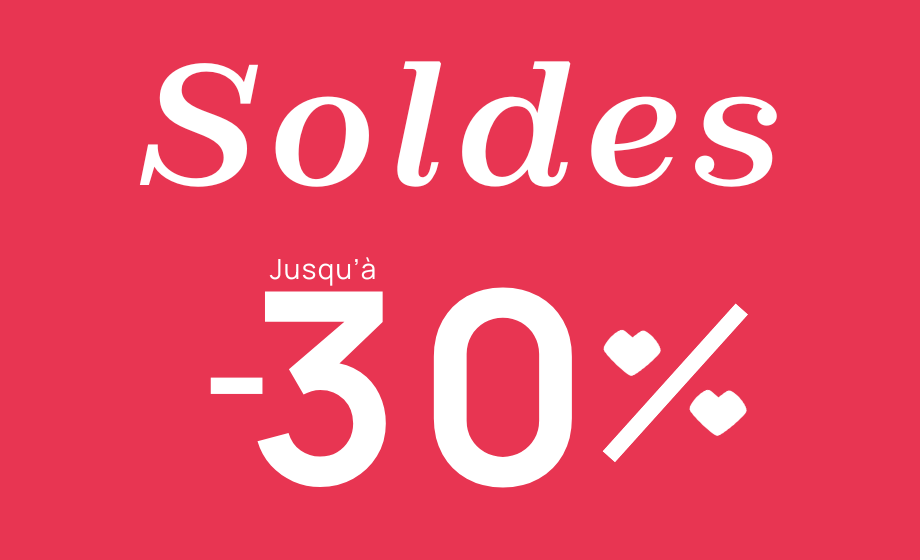 jusqu'&agrave; -30%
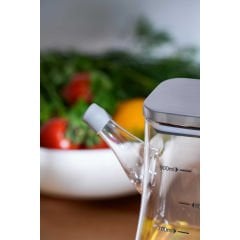 MİEN 1000ML BOROSİLİKAT CAM METAL KAPAKLI YAĞLIK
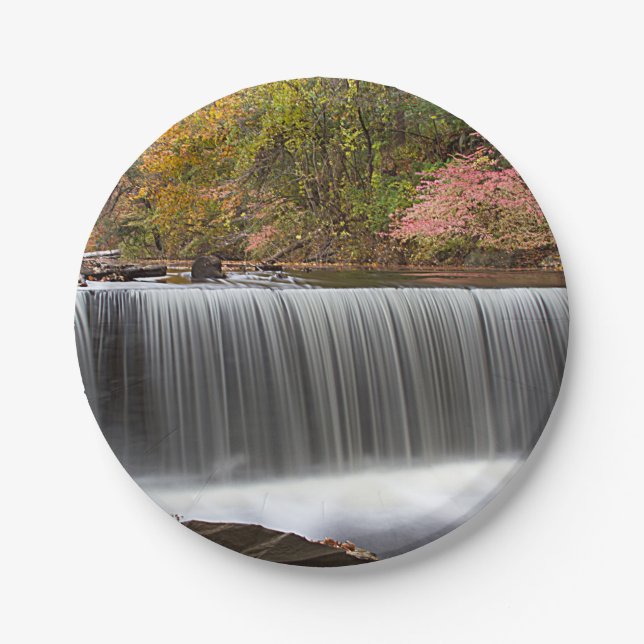 Fall Wasserfall bei Vanderbuild Pappteller (Vorderseite)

### What you should do
Output each line above exactly as it stands, omitting the pictures.

### Exercise response
 jusqu'&agrave; -30%
 MİEN 1000ML BOROSİLİKAT CAM METAL KAPAKLI YAĞLIK
 Fall Wasserfall bei Vanderbuild Pappteller (Vorderseite)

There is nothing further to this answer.